** Opening Data segment block **
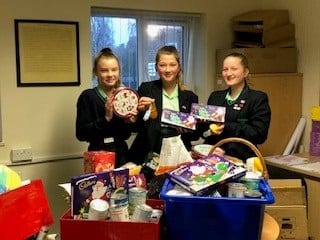 Walton students collect parcels for Grantham Food Bank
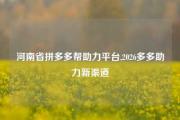 河南省拼多多帮助力平台,2026多多助力新渠道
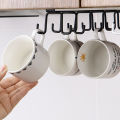 Kitchen Double-row Hook Hanging Cup Holder Household Punch-free Wall Cabinet Hook kitchen accessories space saver 12 hooks organizer cup holder.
** Closing Data segment block **
Return the material exactly as it reads, though without the pictures it holds.

▸ Worked solution:
 Walton students collect parcels for Grantham Food Bank
 河南省拼多多帮助力平台,2026多多助力新渠道
 Kitchen Double-row Hook Hanging Cup Holder Household Punch-free Wall Cabinet Hook kitchen accessories space saver 12 hooks organizer cup holder.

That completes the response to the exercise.